The Idaho House Ethics Committee met for several hours today to discuss possible changes to House Rule 45, the House ethics rule, in the wake of two high-profile ethics cases this year; it’ll meet again at 9 a.m. Tuesday to continue the discussion.
Rep. Vito Barbieri, R-Dalton Gardens, called for wholesale changes, echoing complaints from Rep. Priscilla Giddings, R-White Bird, that the process was unfair. The panel voted unanimously in August to censure her and remove her from one of her committee assignments for publicizing the identity and personal details of an alleged teenage rape victim; the full House backed the move when it met last month.
Barbieri said he thought the Legislature had “jettisoned” rules of evidence and due process, “in some cases 400 years of precedent to assure fairness in any kind of a trial.” But the House Ethics Committee doesn’t hold trials; it investigates and holds hearings on ethics charges, as governed by House rules.
“There’s a question of the appearance of impropriety, in terms of who is on the committee, whether or not there are political influences on committee chairs,” Barbieri said, calling for moves to “de-weaponize this rule” including closing all proceedings and having the committee itself elect its chair. “I think it’s an internal matter,” he said. “I think maybe most of the hearings should be in camera, that is to say not necessarily in public.”
Rep. John McCrostie, D-Garden City, said, “It’s all been above-board and it’s all been according to Rule 45.”
In both cases this year, that of Giddings and of former Rep. Aaron von Ehlinger, R-Lewiston, the GOP-dominated Ethics Committee voted unanimously.
“I think they were absolutely appropriately handled and that we were diligent in looking at that rule,” said Rep. Sage Dixon, R-Ponderay, the committee chairman. “This is an effort to resolve some of those points of argument.”
In addition to potentially more rigorous rules of evidence, the panel discussed possible state-funded legal defense for representatives accused of ethics violations, in the interest of fairness; more clarity on what’s confidential in the ethics process; possibly increasing the required House vote to censure a member from a majority to two-thirds; and other possible changes.
Rep. John Gannon, D-Boise, said, “I think the rules of evidence were followed.”
As far as Rule 45, he said, “I think it needs to be tweaked, but I think it worked pretty well, generally speaking.”
Rep. Brent Crane, R-Nampa, said he agreed that the rule worked well. “I think that there probably are some tweaks to be made to this to make it function better for the committee,” he said.
McCrostie noted that while Giddings complained about the process, “she didn’t avail herself of aspects of the process to begin with,” including refusing to participate in it. “We have a good Rule 45 that I believe worked just fine in the last two ethics hearings,” he said. “If we can provide greater clarity for future ethics committees and future members of the House, I’m happy to go through that process.”
Rep.

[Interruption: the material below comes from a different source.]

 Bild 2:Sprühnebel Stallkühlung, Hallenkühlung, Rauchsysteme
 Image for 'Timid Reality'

Wendy Horman, R-Idaho Falls, said, “Transparency, due process and fairness are all important to an ethics process, so any changes to the rule that we can make that will improve that, I will be in support of.” However, she said, “It’s hard to do our due diligence when they refuse to participate in the process.”
“It was a fair process, in my opinion,” she said. “I feel like we followed the rule with exactness and we did give every due process under the rule when the member chose to participate, privately or publicly.”

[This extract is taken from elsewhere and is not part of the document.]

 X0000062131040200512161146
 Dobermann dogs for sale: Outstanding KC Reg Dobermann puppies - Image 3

House Speaker Scott Bedke, R-Oakley, said the Ethics Committee wanted to discuss potential changes to the rule “while it was fresh on everyone’s minds,” but he said, “It’s not going to short-circuit the process for changing rules. We are not in session. They are advisory only.”
In order to take effect, changes to House rules must clear the House Judiciary Committee during the legislative session, and then win 2/3 support of the full House.